Zappos had raised $49.1 million from venture investors since its inception, most of it from Sequoia, according Thomson Reuters (publisher of PEHub.com). The Zappos shareholder, who says he has seen the company’s capitalization tables, says Sequoia had a 3x or 3.5x liquidity preference associated with the shares it purchased.
“When Mike [Moritz, a GP with Sequoia] came in, he came in at a high valuation, but he countered that with a very high liquidation preference,” the shareholder says. “It puts management on one side of the table and investors on the other. Then there’s always pressure to sell the company.”
At least two sources who do not hold board seats, but are directly involved with Zappos, indicated that Moritz and Zappos CEO Tony Hsieh came into conflict about the company’s future. Moritz, the sources say, wanted Zappos to sell while Hsieh wanted to remain independent.

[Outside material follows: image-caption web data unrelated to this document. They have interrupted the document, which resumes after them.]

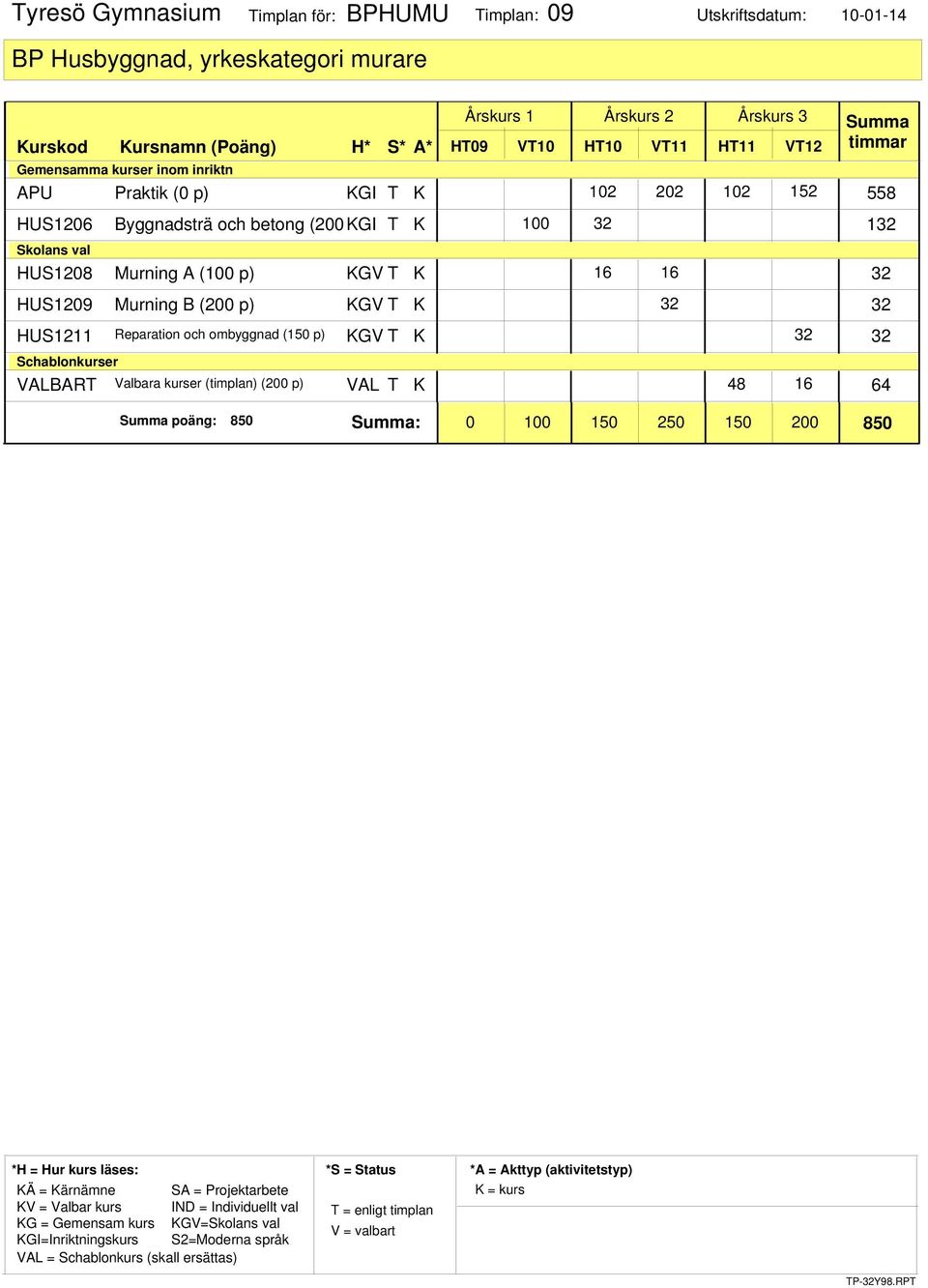 HUS1209 Murning B (200 p) KGV T K HUS1211 Reparation och ombyggnad (150 p) KGV T K Schablonkurser VALBART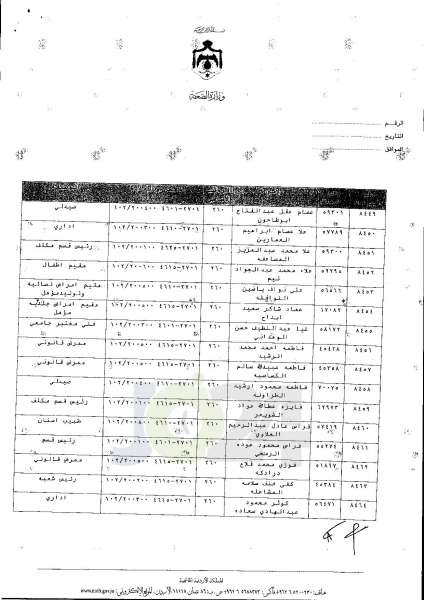 ترفيعات واسعة في وزارة الصحة  -  اسماء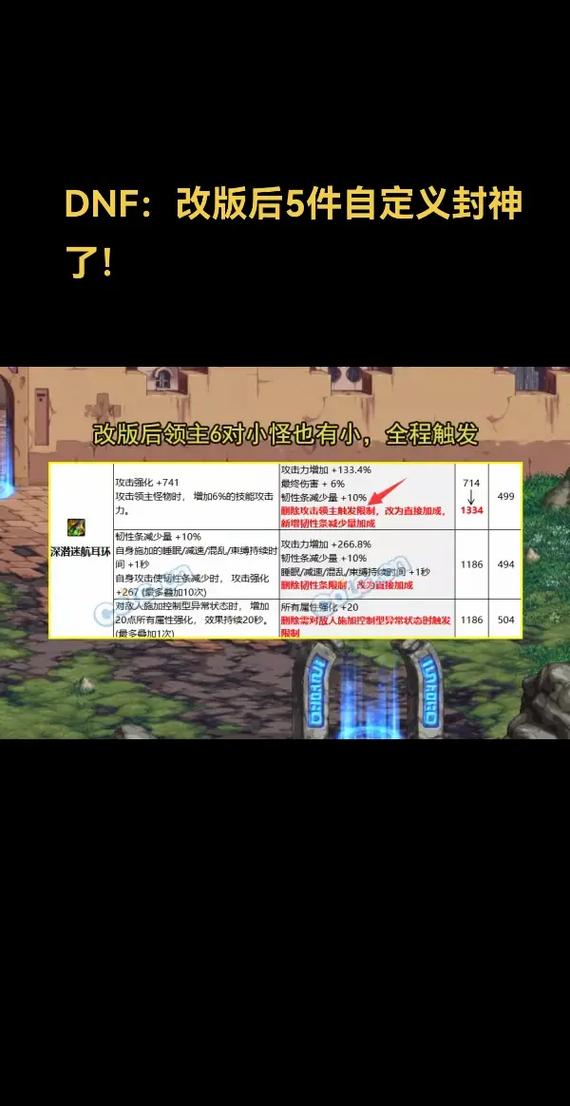 地下城割草骨头怎么刷最快？骨头速刷技巧分享！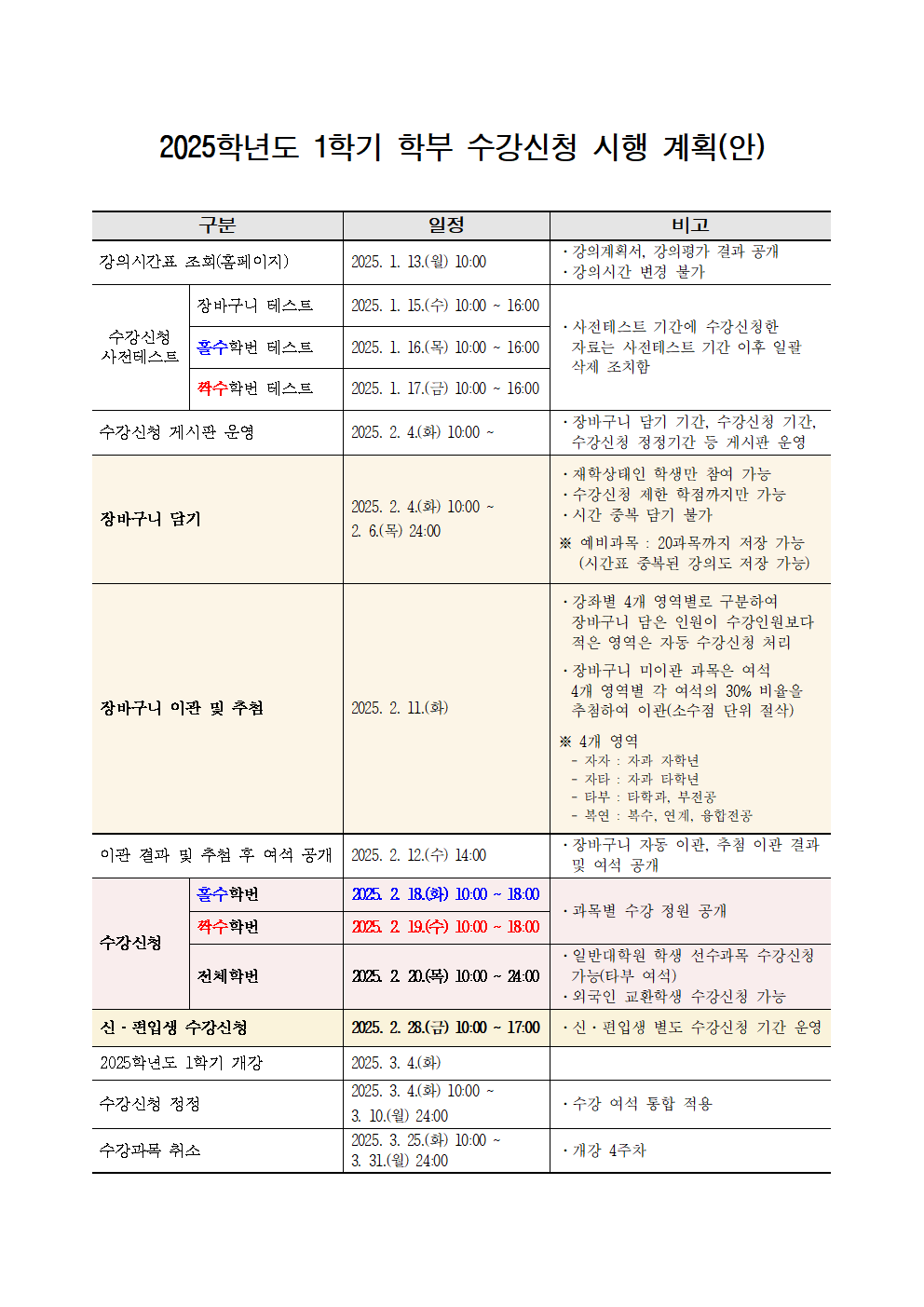 (붙임2) 2025학년도 1학기 수강신청(학부) 일정 안내 자료(공지용)001.png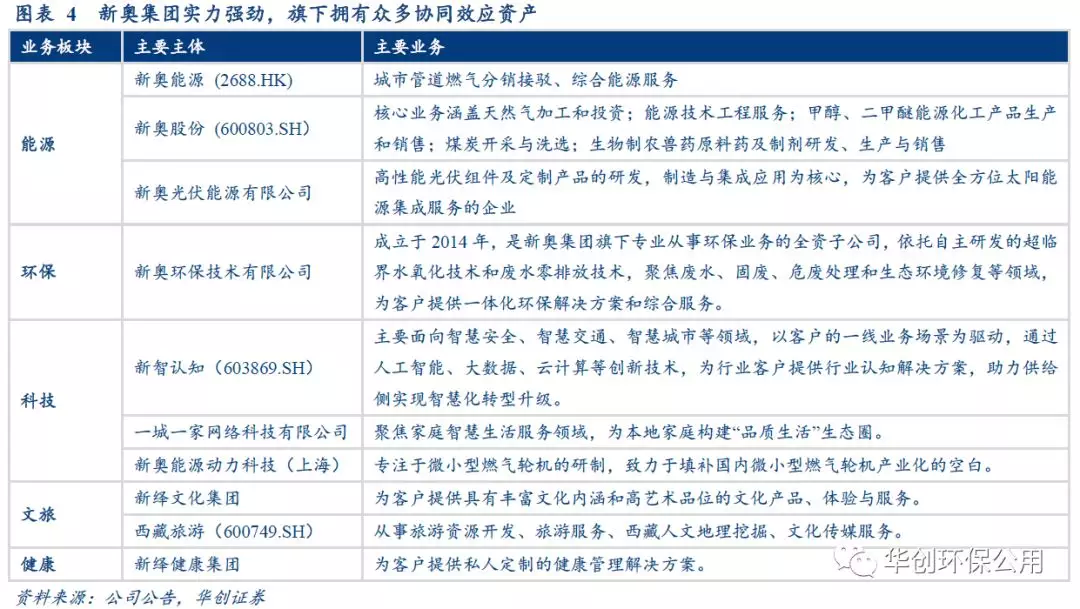 新奥门正版资料大全资料,投资回收期_ODY55.170物联网版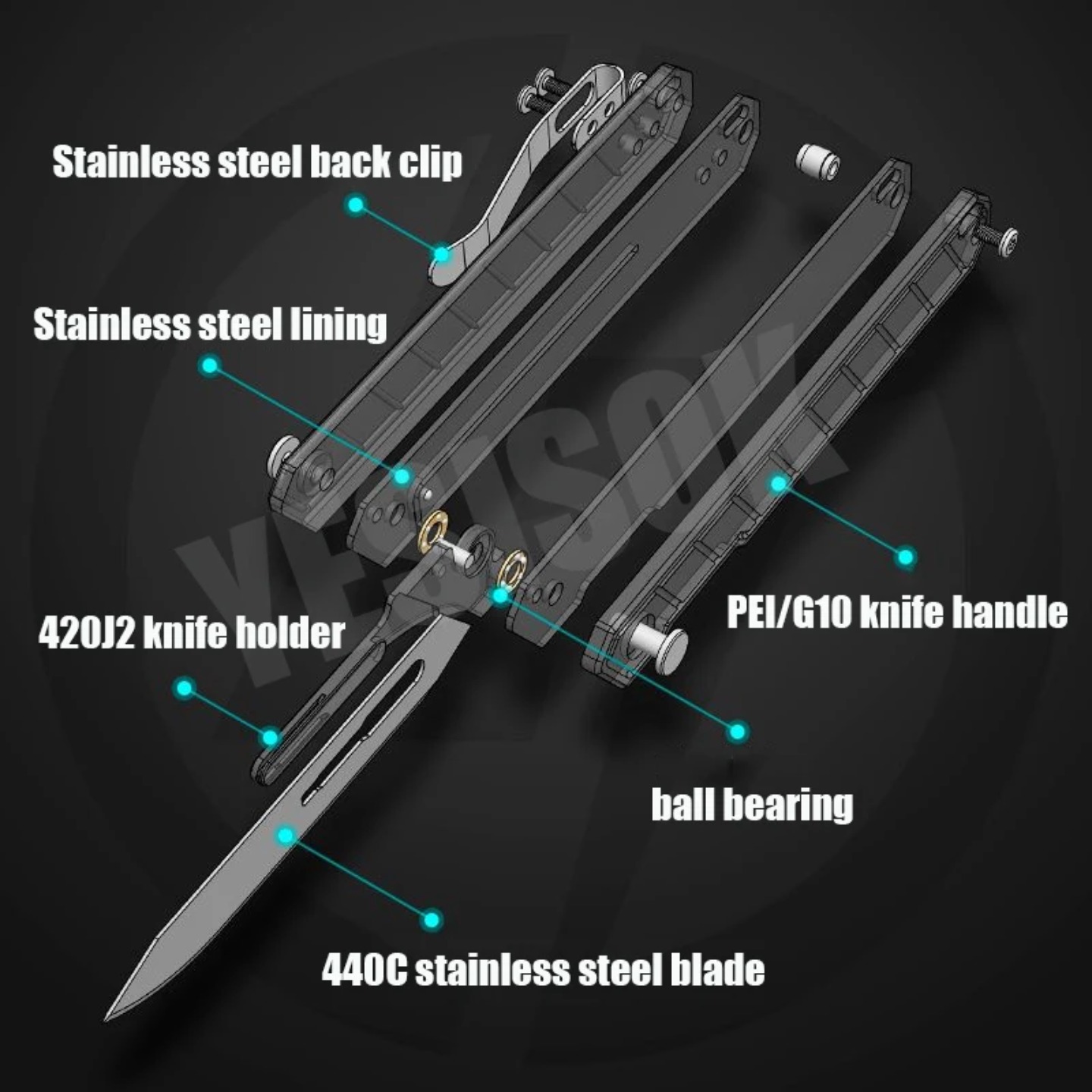 Pisau Baru dengan Bilah yang D - Leatherwork Manual ulasan dan harga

Sequoia forces a sale, rakes in the dough on a 3.5x liquidation preference, then if they got participating preferred, double dips again as a common shareholder. They must have cleared ~$100MM at least, though probably much more.
Update: Interesting thought... why would a VC want cash so badly? Are Sequoia LP's refusing capital calls? Why the sudden need for liquidity?
Caveat entrepreneur! There's a happy ending, but maybe not as happy as Tony Hsieh wanted.